November 12th, 2009, 1:24 pm #8

I keep buying too many damn books on Amazon, and every once in while, I check to see what Frozen is up to. So anyways, this review caught my eye:http://www.amazon.com/review/RI93NNZA4OQRG/


Back to the shadows I go.
From the 1992 Alcor case reporthttp://www.alcor.org/Library/html/casereport9205.html :

"The nurse, who was extremely supportive and competent, had called it close. Nick (with Jim holding his hand to the end) quit breathing and experienced cardiac arrest about half an hour after we got him into the garage."

On ABC Nightline, Carlos Mondragon admitted he was told the client had been given an injection to hasten death, and said Alcor severed all ties with the person said to have administered the injection, (I believe Alcor's Board of Directors voted on this). Ironically, that same person was the so-called "surgeon," for Ted Williams, eleven years later, and while Mondragon was still there. So much for severing ties, when it comes to severing heads.

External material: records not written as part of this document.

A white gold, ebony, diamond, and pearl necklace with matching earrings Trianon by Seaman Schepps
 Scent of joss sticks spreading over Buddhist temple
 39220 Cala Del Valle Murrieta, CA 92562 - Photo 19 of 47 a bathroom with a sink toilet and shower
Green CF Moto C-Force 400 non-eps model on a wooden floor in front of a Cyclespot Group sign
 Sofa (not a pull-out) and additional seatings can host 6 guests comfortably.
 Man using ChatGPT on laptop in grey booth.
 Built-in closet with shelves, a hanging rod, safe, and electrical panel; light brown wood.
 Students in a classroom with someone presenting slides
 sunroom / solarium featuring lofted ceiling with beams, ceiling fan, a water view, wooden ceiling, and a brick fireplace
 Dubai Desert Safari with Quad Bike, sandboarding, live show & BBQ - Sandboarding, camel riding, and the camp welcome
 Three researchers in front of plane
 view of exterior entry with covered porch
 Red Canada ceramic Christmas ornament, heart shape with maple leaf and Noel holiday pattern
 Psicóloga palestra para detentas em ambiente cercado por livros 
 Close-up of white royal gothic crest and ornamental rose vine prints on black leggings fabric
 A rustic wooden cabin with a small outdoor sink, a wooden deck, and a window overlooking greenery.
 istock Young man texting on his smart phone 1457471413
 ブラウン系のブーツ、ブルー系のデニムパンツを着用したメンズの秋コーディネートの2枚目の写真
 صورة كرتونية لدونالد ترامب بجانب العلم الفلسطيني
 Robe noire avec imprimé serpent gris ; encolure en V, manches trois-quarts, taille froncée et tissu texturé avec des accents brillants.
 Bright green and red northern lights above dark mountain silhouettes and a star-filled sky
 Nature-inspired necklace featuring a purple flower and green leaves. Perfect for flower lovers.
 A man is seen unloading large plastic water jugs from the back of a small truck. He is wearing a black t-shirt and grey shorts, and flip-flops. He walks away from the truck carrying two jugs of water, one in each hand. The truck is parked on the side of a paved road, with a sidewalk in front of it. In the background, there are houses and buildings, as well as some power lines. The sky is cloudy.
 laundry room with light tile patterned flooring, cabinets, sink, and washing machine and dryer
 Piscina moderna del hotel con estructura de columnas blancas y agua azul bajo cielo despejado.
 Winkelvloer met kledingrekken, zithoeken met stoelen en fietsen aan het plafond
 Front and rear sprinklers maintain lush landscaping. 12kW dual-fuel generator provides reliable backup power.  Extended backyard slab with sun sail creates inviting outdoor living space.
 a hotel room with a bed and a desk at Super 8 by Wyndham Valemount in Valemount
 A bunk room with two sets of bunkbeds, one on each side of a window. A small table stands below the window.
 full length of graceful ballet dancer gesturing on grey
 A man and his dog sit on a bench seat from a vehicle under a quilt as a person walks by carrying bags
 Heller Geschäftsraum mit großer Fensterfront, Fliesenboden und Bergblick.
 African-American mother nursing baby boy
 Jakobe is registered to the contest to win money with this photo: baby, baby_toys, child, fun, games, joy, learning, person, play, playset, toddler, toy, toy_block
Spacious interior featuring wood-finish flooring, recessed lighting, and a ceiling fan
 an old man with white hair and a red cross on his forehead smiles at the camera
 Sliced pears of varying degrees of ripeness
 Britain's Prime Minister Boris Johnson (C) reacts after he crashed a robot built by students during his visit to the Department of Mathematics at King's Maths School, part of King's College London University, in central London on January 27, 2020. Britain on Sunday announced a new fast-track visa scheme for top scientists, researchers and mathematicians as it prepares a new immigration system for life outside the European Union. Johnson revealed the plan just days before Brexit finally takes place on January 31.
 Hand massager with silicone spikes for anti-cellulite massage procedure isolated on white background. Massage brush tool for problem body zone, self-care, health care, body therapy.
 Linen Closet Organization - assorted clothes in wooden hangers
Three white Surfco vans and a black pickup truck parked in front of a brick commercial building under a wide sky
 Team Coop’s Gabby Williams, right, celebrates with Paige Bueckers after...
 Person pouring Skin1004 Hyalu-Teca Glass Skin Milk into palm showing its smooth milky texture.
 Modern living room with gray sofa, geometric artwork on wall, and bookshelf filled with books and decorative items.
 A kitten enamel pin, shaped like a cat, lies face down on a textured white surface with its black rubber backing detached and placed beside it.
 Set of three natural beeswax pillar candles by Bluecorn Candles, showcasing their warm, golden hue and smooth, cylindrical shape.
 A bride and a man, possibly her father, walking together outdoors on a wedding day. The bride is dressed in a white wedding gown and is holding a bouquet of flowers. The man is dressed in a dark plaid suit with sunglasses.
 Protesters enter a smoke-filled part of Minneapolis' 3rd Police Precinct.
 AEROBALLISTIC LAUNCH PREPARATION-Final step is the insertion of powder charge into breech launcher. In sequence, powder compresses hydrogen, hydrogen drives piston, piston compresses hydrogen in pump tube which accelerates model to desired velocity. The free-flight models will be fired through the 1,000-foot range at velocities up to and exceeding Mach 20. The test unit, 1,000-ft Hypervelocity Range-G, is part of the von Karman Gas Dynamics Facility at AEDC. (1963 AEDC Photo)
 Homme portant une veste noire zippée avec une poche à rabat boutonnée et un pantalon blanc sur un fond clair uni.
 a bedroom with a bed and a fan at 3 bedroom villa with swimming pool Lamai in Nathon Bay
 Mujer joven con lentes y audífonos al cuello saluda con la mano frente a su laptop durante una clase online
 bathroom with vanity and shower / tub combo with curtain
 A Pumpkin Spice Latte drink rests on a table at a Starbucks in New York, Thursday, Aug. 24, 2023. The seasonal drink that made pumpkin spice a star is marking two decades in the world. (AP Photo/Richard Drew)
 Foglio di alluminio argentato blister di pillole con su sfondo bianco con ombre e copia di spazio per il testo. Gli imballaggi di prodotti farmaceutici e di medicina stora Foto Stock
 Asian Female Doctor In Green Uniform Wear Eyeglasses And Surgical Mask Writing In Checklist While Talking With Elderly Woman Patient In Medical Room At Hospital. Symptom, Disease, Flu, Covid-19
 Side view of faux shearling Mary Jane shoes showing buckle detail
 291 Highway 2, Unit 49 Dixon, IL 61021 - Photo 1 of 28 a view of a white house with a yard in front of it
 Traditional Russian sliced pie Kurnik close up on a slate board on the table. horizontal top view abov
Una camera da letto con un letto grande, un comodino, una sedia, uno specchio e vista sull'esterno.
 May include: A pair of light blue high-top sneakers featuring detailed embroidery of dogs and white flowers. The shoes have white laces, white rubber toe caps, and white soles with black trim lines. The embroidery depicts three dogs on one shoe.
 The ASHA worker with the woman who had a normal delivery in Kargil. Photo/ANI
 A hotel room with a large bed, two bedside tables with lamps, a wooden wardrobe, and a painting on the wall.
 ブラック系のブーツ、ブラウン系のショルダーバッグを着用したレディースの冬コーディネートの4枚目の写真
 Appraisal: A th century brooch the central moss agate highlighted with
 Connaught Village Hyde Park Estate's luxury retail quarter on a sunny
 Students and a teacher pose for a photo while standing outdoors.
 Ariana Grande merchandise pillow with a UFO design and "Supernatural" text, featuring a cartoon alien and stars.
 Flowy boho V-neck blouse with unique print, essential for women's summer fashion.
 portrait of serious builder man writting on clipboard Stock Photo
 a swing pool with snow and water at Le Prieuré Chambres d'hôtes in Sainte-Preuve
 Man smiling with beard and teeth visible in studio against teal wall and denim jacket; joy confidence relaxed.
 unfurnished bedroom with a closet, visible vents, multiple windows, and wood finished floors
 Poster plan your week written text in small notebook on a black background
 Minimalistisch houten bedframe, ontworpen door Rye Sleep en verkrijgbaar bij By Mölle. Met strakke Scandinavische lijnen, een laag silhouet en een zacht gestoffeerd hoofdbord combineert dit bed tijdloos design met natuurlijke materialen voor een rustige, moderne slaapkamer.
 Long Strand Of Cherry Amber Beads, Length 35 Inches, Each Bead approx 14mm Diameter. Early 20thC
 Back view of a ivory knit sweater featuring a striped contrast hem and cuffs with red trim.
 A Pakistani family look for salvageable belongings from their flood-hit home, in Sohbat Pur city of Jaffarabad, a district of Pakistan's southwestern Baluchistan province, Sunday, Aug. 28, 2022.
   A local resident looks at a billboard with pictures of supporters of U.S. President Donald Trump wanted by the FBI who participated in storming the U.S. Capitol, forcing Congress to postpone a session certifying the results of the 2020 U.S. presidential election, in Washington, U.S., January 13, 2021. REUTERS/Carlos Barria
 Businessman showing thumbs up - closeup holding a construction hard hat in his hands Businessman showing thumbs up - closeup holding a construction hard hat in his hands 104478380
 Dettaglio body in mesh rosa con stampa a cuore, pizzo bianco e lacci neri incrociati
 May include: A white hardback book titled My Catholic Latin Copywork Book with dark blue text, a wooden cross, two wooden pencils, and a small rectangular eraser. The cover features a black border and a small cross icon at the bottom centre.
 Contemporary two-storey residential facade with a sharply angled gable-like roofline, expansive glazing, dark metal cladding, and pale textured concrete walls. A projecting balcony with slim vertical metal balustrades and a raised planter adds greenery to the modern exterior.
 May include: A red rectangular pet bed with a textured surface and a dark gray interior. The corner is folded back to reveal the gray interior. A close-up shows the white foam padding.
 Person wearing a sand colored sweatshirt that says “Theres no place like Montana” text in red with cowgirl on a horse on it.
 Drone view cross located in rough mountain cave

There is also a comment the nurse made about the garage "OR" being no worse than what he had seen in Vietnam, and many pictures of the procedure in what Alcor claims is a garage. So, either the nurse is lying, now, or Alcor printed a very elaborate lie that would serve no purpose, 17 years ago. What do you think, enoonsti? My guess is, the nurse would be well-suited for work at Alcor, given his apparent propensity for remembering situations in a manner that best suits his own needs.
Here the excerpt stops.